# Evaluating machine learning models

Machine learning involves automatically learning how to compute functions from examples.  There are several ways that this process can go wrong, including:

0. Overfitting the training examples,
1. Optimizing for the wrong objective,
2. Starting with the wrong features,
3. Data drift (treated in another notebook),
4. ...


In [59]:
import pandas as pd
data = pd.read_parquet("data/training.parquet")

# Overfitting

The first concern we'd like to address is _overfitting_, in which we have a model whose performance on training examples is materially different from its performance in production.  We'll see that in action with a simple example.  First, let's choose some of our data as training examples:

In [60]:
overfit_training = data.sample(1000)
overfit_training.head(10)

Unnamed: 0,index,label,text
33630,13630,spam,It ain't healthy but darn is it good. The soup...
14768,14768,legitimate,"No second attachment, the only thoroughly natu..."
34240,14240,spam,It's possible that I'll eventually figure out ...
30075,10075,spam,IT IS THE SKELETON PAPER CUPS! I absolutely sw...
24878,4878,spam,CANNOT BEAT IT! Some years ago I switched to t...
27309,7309,spam,When I got this item today and I received it o...
33151,13151,spam,And they don't leave stains and three the pric...
1232,1232,legitimate,I can not express how much I felt. She could s...
16593,16593,legitimate,They remained together at the Park soon after ...
38255,18255,spam,The vanilla cookie/cracker with creme de cocoa...


We'll "train" a very simple "model" from these examples:  we'll just memorize hashes of every example so we can look up whether a given example is legitimate or not.  We'll program defensively, too:  if we don't find an example in either set, we'll call it legitimate if it has an even number of characters.

In [61]:
class OverfittingSpamModel(object):
    def __init__(self):
        self.legit = set()
        self.spam = set()
    
    def fit(self, df):
        for tup in df.itertuples():
            if tup.label == "legitimate":
                self.legit.add(hash(tup.text))
            else:
                self.spam.add(hash(tup.text))
    
    def predict(self, text):
        h = hash(text)
        if h in self.legit:
            return "legitimate"
        elif h in self.spam:
            return "spam"
        else:
            return (len(text) % 2 == 0) and "legitimate" or "spam"

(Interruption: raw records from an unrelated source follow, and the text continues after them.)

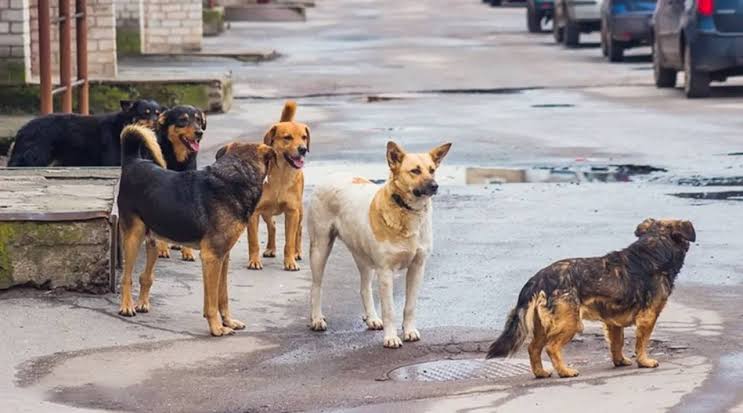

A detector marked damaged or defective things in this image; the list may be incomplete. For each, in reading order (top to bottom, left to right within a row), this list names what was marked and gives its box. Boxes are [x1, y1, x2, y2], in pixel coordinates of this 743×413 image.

pothole [390, 356, 536, 382] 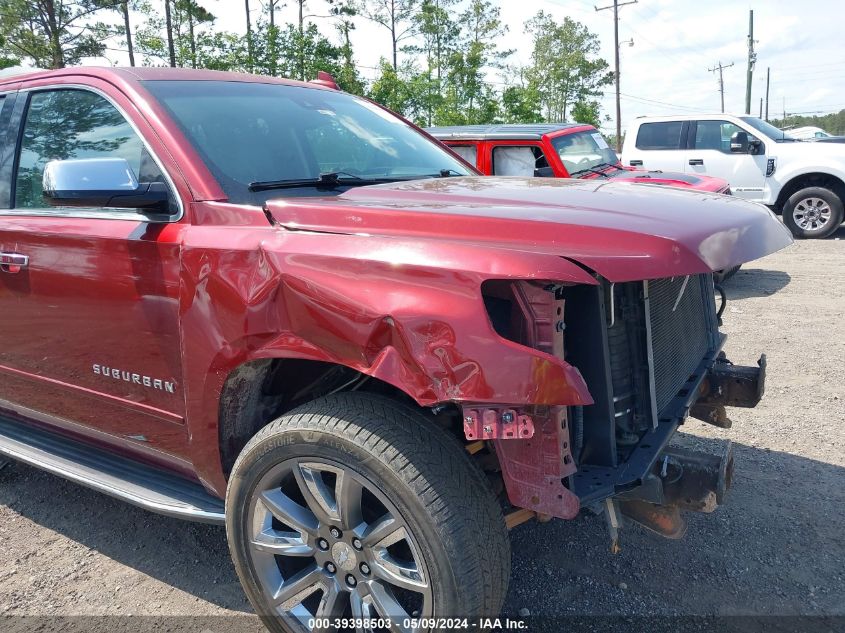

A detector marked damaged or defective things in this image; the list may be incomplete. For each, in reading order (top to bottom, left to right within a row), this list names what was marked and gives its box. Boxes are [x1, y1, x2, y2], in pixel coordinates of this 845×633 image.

crumpled red hood [268, 174, 796, 280]
missing headlight cavity [482, 280, 568, 358] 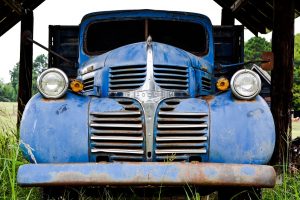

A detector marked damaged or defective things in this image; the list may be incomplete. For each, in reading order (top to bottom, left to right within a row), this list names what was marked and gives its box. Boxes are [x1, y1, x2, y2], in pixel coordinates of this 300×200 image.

rusty bumper [17, 162, 276, 188] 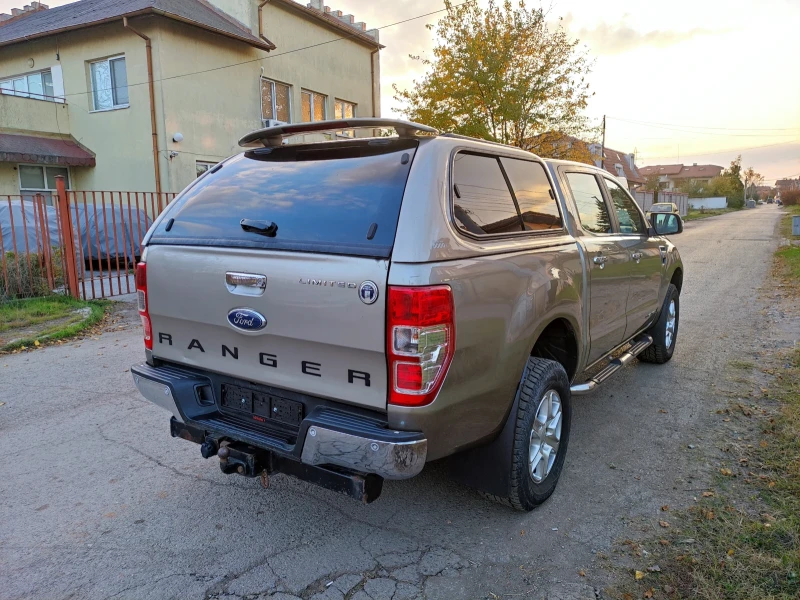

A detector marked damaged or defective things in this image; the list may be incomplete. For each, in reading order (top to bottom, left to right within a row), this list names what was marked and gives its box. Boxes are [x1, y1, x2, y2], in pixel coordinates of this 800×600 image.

cracked pavement [0, 205, 784, 596] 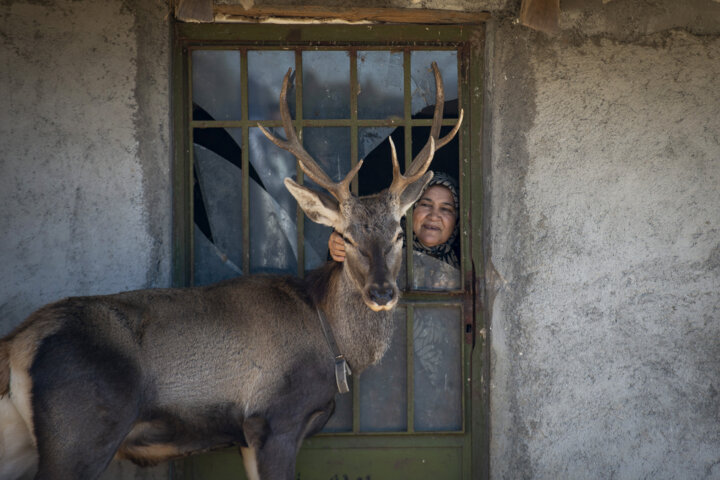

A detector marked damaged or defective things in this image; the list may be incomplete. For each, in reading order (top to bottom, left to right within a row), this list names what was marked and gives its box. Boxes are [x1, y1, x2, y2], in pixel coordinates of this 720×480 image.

broken glass pane [191, 50, 242, 122]
broken glass pane [302, 50, 350, 119]
broken glass pane [360, 50, 404, 119]
broken glass pane [414, 308, 464, 432] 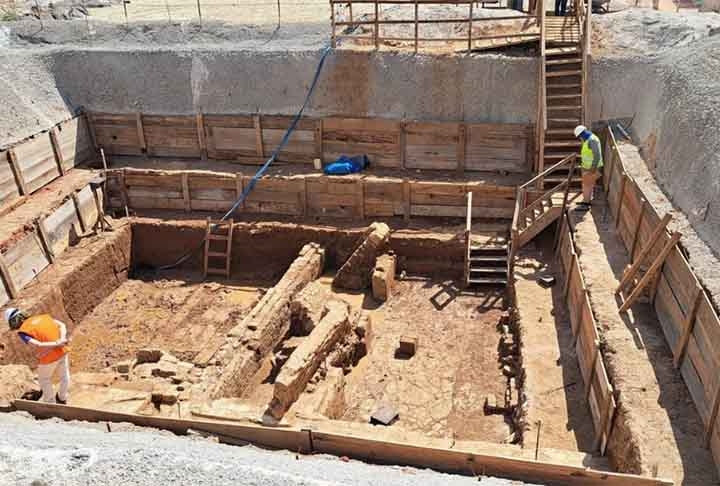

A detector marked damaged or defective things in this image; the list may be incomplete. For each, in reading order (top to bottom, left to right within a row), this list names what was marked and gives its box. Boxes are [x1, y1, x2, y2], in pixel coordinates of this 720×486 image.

broken concrete block [334, 223, 390, 290]
broken concrete block [374, 252, 396, 302]
broken concrete block [270, 300, 352, 418]
broken concrete block [396, 336, 420, 358]
broken concrete block [372, 402, 400, 426] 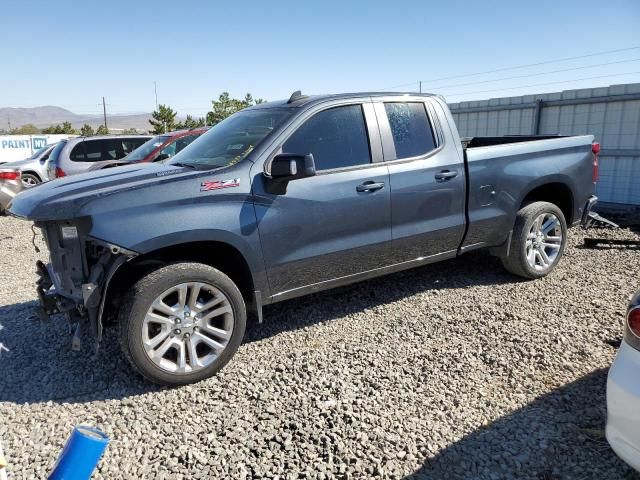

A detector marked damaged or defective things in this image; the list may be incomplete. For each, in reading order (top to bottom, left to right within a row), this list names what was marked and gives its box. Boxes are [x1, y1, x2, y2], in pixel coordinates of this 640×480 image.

crushed front end [33, 219, 136, 350]
damaged chevrolet silverado [7, 92, 600, 386] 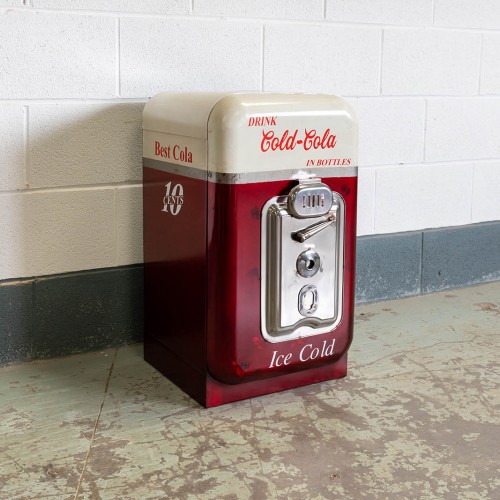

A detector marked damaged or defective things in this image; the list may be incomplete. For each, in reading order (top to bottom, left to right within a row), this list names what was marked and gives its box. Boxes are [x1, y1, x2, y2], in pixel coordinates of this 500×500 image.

cracked concrete floor [0, 284, 500, 498] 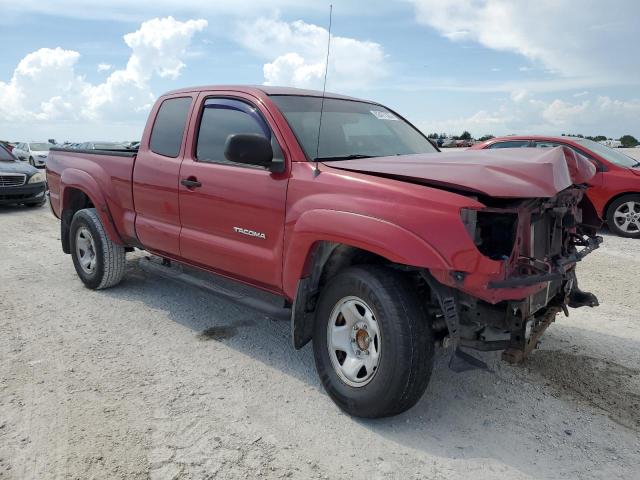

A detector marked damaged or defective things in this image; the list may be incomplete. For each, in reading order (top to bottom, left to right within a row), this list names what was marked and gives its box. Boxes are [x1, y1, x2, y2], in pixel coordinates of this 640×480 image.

crumpled hood [328, 146, 596, 199] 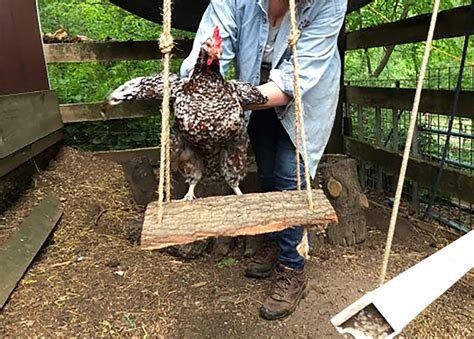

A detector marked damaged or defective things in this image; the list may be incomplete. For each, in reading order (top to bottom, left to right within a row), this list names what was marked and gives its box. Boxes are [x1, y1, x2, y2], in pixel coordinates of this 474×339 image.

rusty metal panel [0, 0, 48, 95] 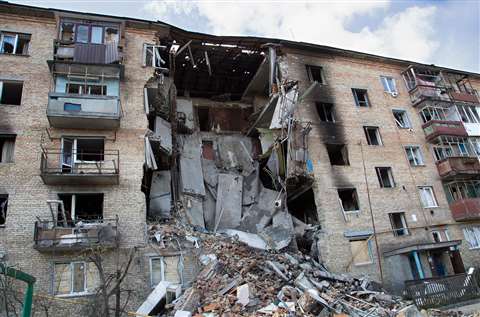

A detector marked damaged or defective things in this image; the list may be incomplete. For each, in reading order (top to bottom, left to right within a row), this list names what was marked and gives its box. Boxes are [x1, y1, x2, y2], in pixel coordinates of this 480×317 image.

damaged balcony [47, 92, 121, 129]
damaged balcony [41, 148, 120, 185]
damaged balcony [436, 156, 480, 179]
damaged balcony [444, 180, 480, 220]
damaged balcony [33, 217, 118, 252]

osm = OverfittingSpamModel()
osm.fit(overfit_training)

We can try this out with some of our training examples to see how well it works:

In [62]:
for row in overfit_training.sample(10).itertuples():
    print("text is '%s...': actual label is %s; predicted label is %s" % (row.text[0:20], row.label, osm.predict(row.text)))

text is 'I have two dogs and ...': actual label is legitimate; predicted label is legitimate
text is 'This is my new hambu...': actual label is spam; predicted label is spam
text is 'Well, I was so aston...': actual label is legitimate; predicted label is legitimate
text is 'You were disgusted w...': actual label is legitimate; predicted label is legitimate
text is 'On this product they...': actual label is legitimate; predicted label is legitimate
text is 'The two friends who ...': actual label is legitimate; predicted label is legitimate
text is 'And keeps coffee tab...': actual label is spam; predicted label is spam
text is 'They were too much i...': actual label is legitimate; predicted label is legitimate
text is 'But they have a rich...': actual label is legitimate; predicted label is legitimate
text is 'I used these k-cups....': actual label is spam; predicted label is spam


This model appears to work really well!  We can test it on the whole set of examples:

In [63]:
def model_accuracy(osm, df):
    correct = 0
    incorrect = 0
    for row in df.itertuples():
        if row.label == osm.predict(row.text):
            correct += 1
        else:
            incorrect += 1
    
    if correct + incorrect == 0:
        return 100
    
    return (float(correct) / float(correct + incorrect) * 100)

In [64]:
model_accuracy(osm, overfit_training)

100.0

Our model is enormously successful!  It has one hundred percent accuracy.  We probably expected this result, but it's always nice when things work out as you expected they would.  Let's see how well our model has generalized to data it _hasn't_ seen by testing it on the rest of our dataset (39,000 more examples).

In [65]:
model_accuracy(osm, data)

51.60249999999999

Uh oh!  It appears that our model is not much better than a coin toss once it's running on data it hasn't already seen.  If we had put this model in production, our application surely wouldn't have performed well.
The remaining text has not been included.